▶ **What the task asks**
From the first line to the last, restate the data exactly, leaving out the images.

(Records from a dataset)

_ _ _ _

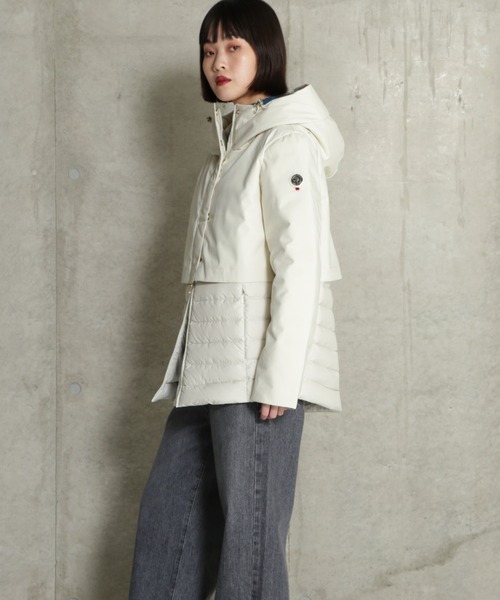 CAPEHORN(ケープホーン)の「(CAPEHORN)カサブランカダウンコート(ダウンジャケット/コート・レディース・ホワイト/ブラック・FREE)」の13枚目の写真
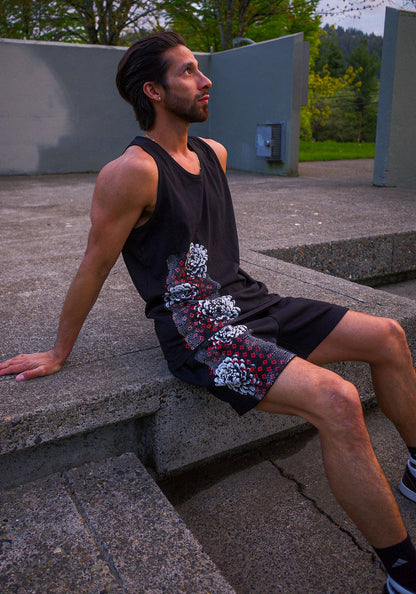 Bloom Mode Tank Top | Nature-Inspired Cotton Tank | Rythmatix
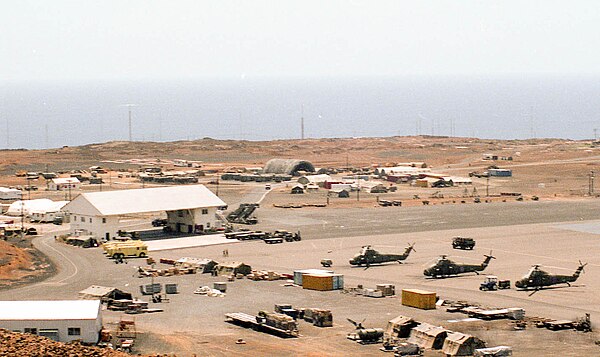 Air station in November 1983.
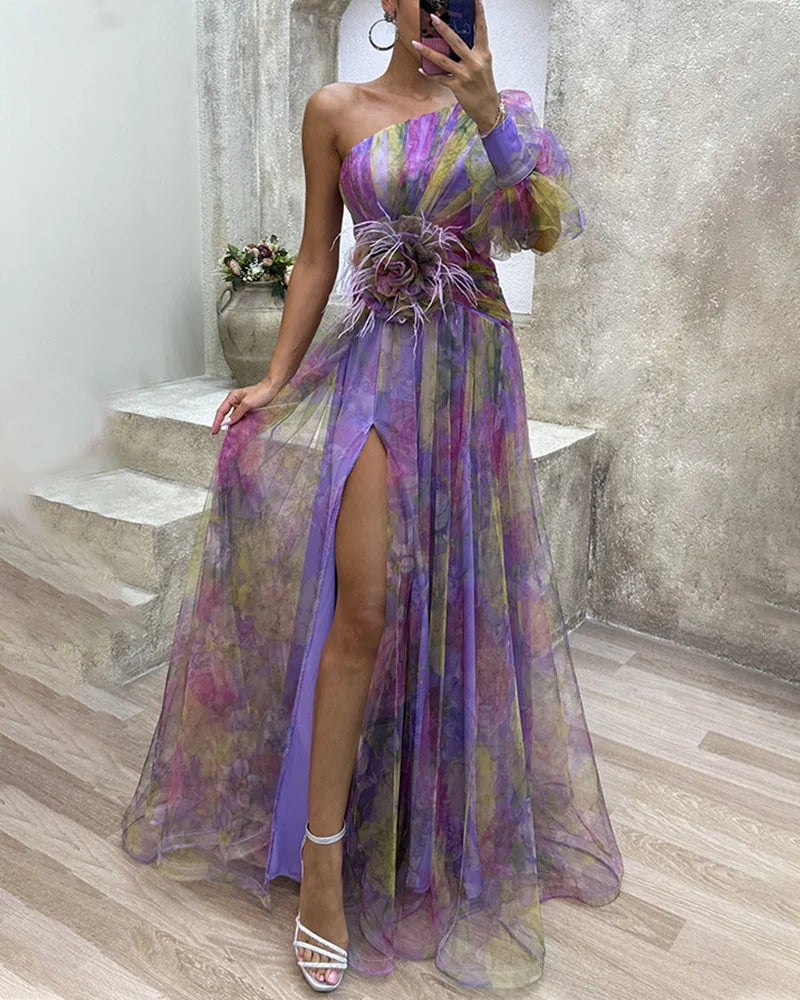 Elise Elegant Split Dress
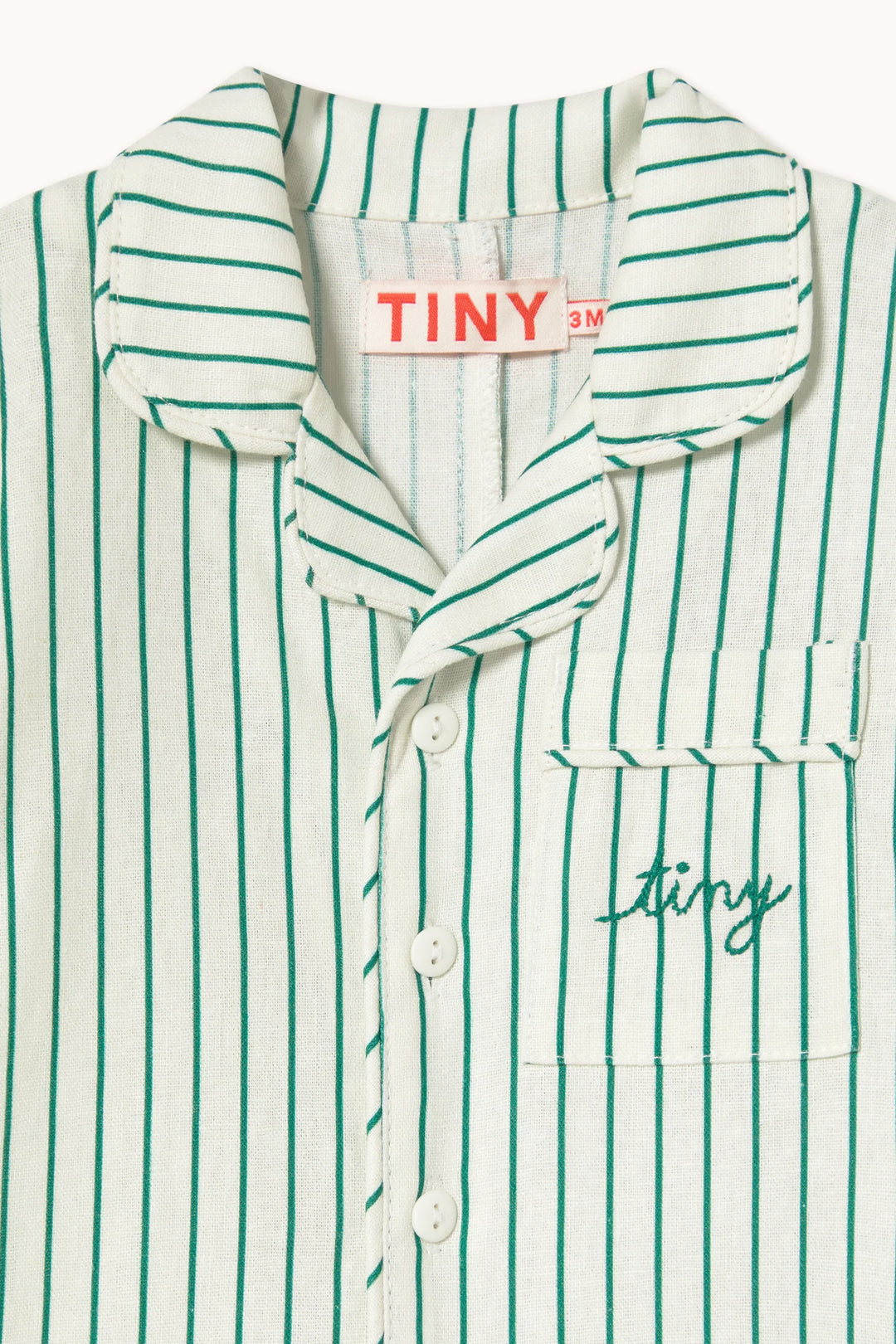 Emerald Stripes Baby One-Piece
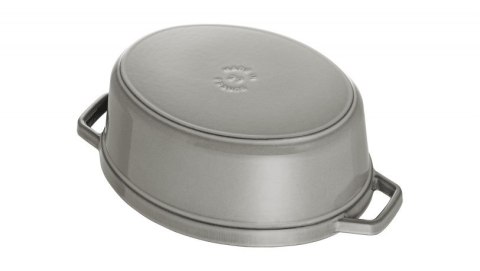 STAUB Garnek żeliwny owalny 3,2l grafitowy STAUB Garnek żeliwny owalny 3,2l grafitowy
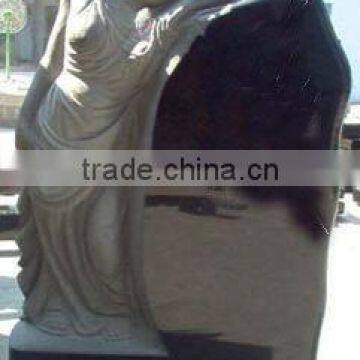 china black tombstone with sculpture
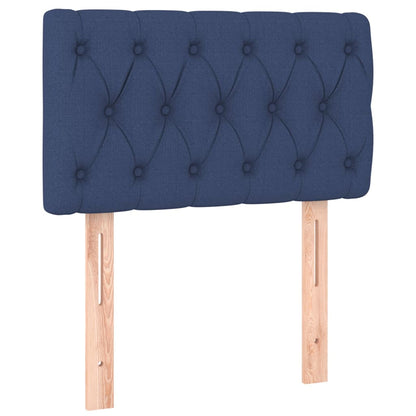 Giroletto a Molle con Materasso Blu 80x200 cm inTessuto | homemem39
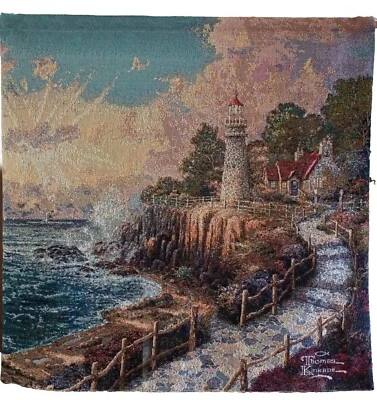 Thomas Kinkade 26" x 26" Tapiz "Luz de Paz" Colgante de Pared Foto 1 de 4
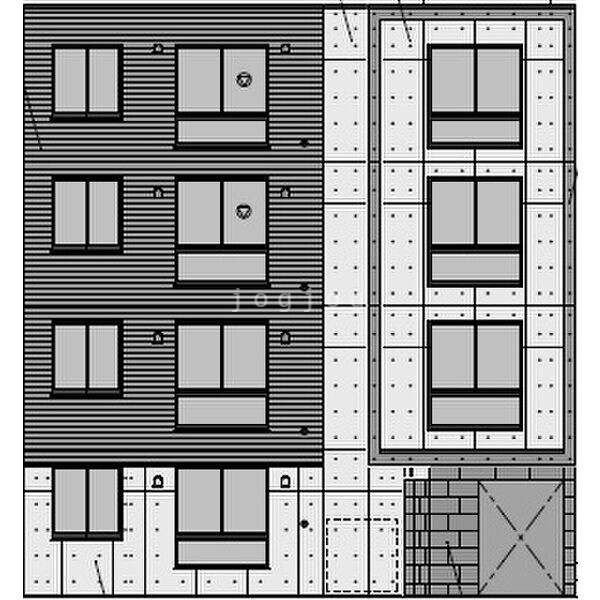 建物外観　外観パース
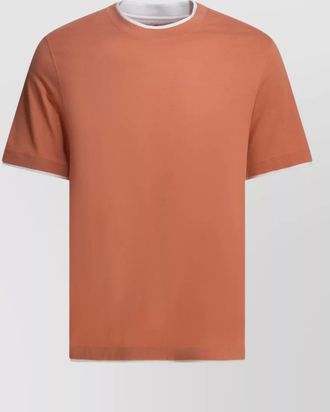 Brunello Cucinelli layered effect crew neck short sleeve t shirt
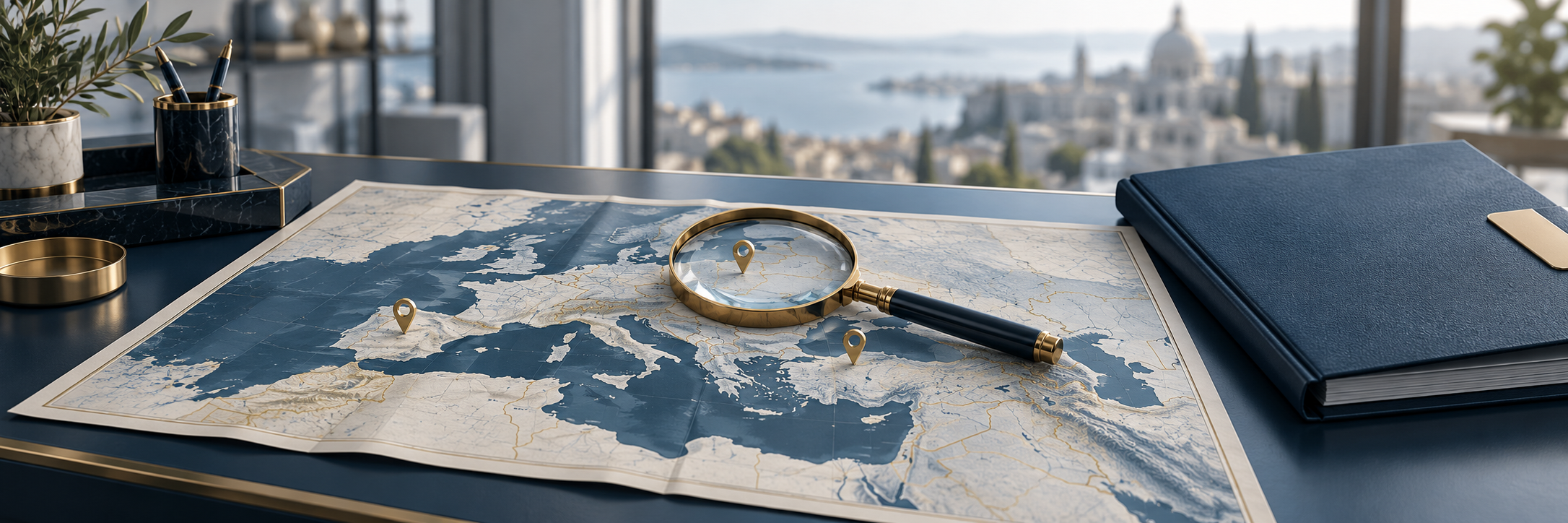 Mappa europea dedicata alla ricerca di opportunità di gara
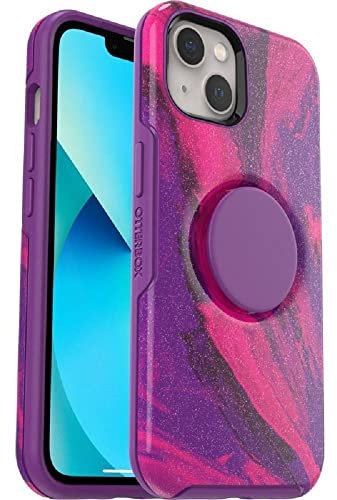 OtterBox Symmetry Series Schutzhülle für iPhone 13 mit integriertem PopGrip in Berry Flow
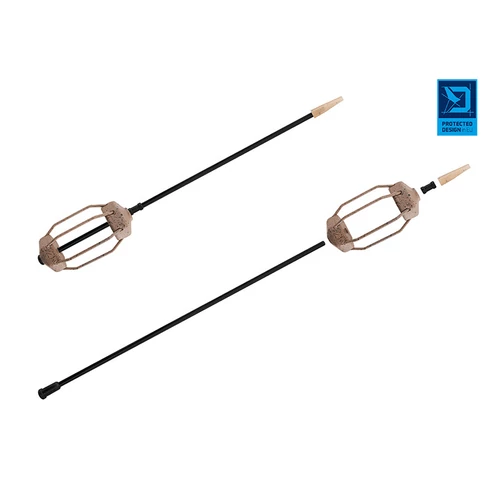 Delphin EazySIX ólom feeder kosár csővel - 40g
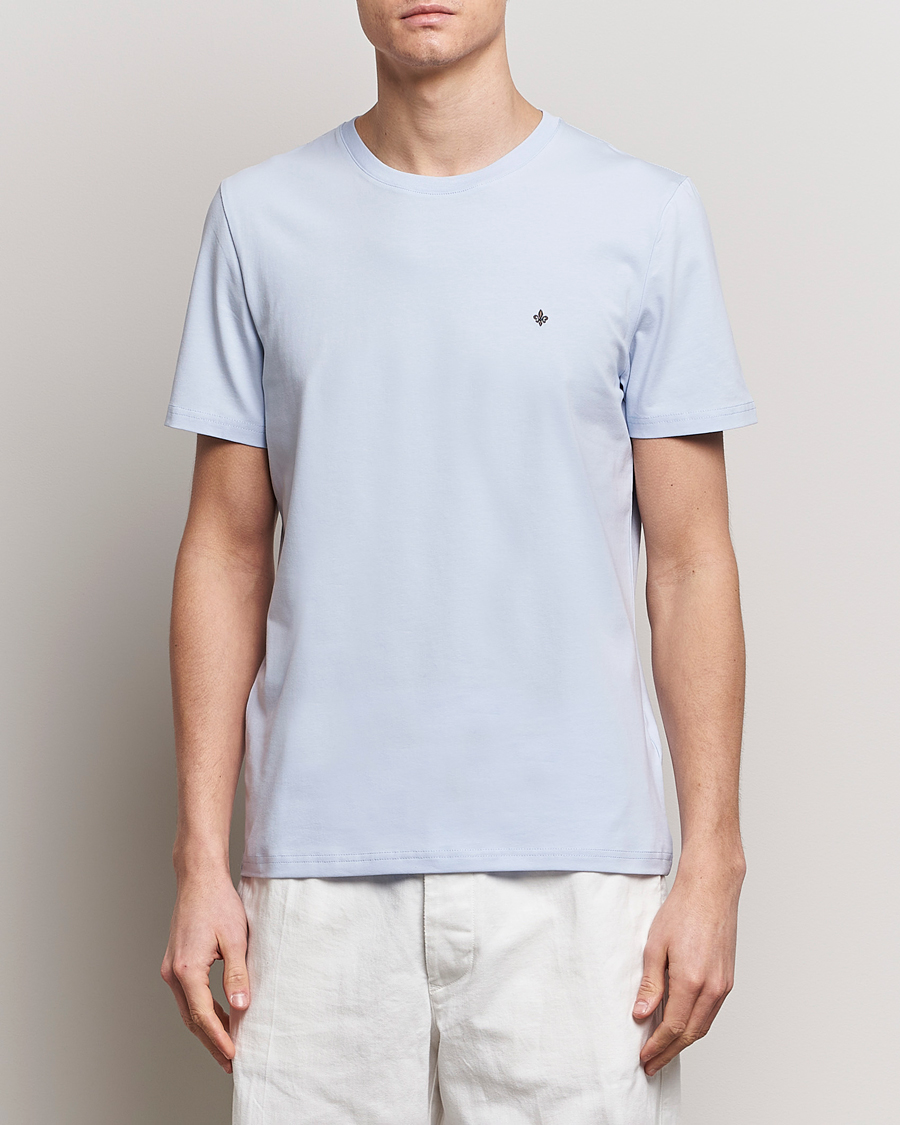 Herr | T-Shirts | Morris | James Crew Neck T-Shirt Light Blue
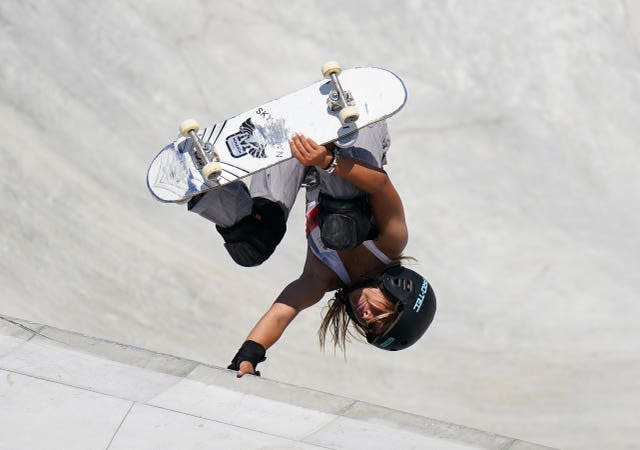 Sky Brown nailed her last attempt in the final (Adam Davy/PA)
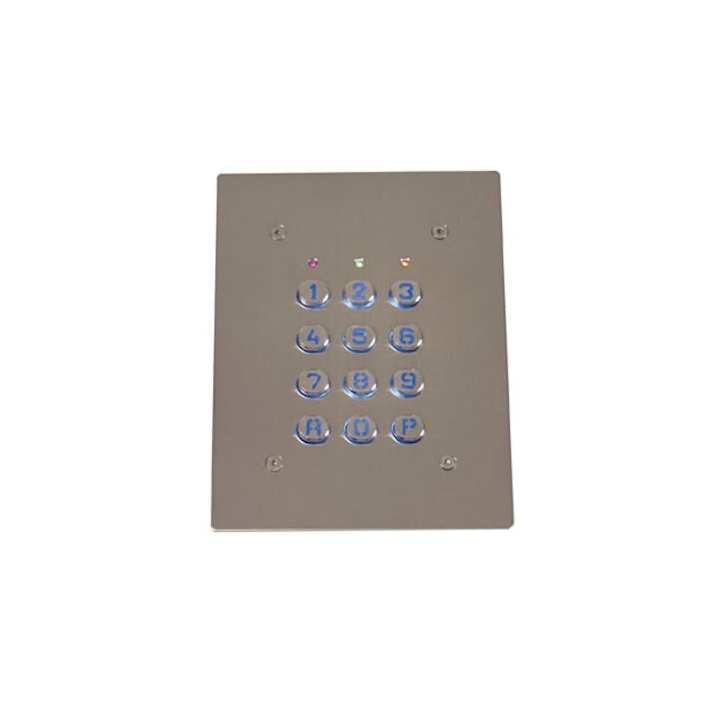 Clavier 2 Relais, 60 codes, touches métalliques, plaque inox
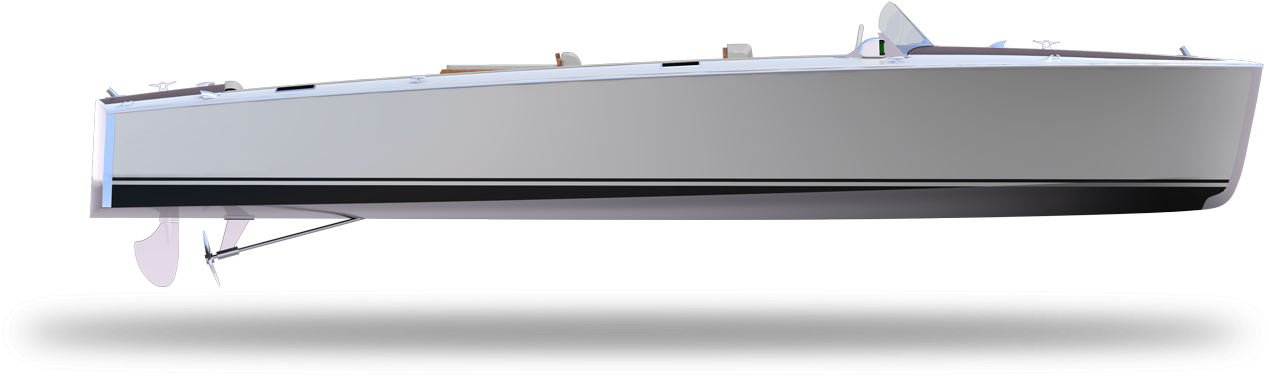 Electric-boat - Barge (1427x854), Png Download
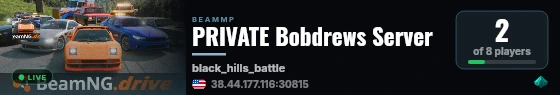 PRIVATE Bobdrews Server live status badge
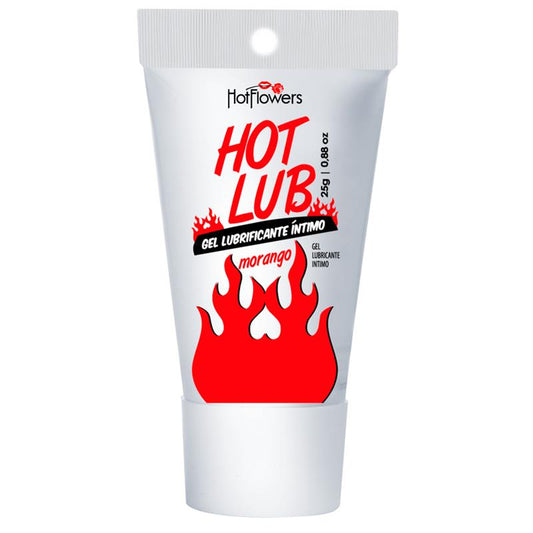 HOT FLOWERS - INTIMATE LUBRICANT HEAT EFFECT STRAWBERRY FLAVOR.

_ _ _ _

▶ **Answer for the task**
 CAPEHORN(ケープホーン)の「(CAPEHORN)カサブランカダウンコート(ダウンジャケット/コート・レディース・ホワイト/ブラック・FREE)」の13枚目の写真
 Bloom Mode Tank Top | Nature-Inspired Cotton Tank | Rythmatix
 Air station in November 1983.
 Elise Elegant Split Dress
 Emerald Stripes Baby One-Piece
 STAUB Garnek żeliwny owalny 3,2l grafitowy STAUB Garnek żeliwny owalny 3,2l grafitowy
 china black tombstone with sculpture
 Giroletto a Molle con Materasso Blu 80x200 cm inTessuto | homemem39
 Thomas Kinkade 26" x 26" Tapiz "Luz de Paz" Colgante de Pared Foto 1 de 4
 建物外観　外観パース
 Brunello Cucinelli layered effect crew neck short sleeve t shirt
 Mappa europea dedicata alla ricerca di opportunità di gara
 OtterBox Symmetry Series Schutzhülle für iPhone 13 mit integriertem PopGrip in Berry Flow
 Delphin EazySIX ólom feeder kosár csővel - 40g
 Herr | T-Shirts | Morris | James Crew Neck T-Shirt Light Blue
 Sky Brown nailed her last attempt in the final (Adam Davy/PA)
 Clavier 2 Relais, 60 codes, touches métalliques, plaque inox
 Electric-boat - Barge (1427x854), Png Download
 PRIVATE Bobdrews Server live status badge
 HOT FLOWERS - INTIMATE LUBRICANT HEAT EFFECT STRAWBERRY FLAVOR.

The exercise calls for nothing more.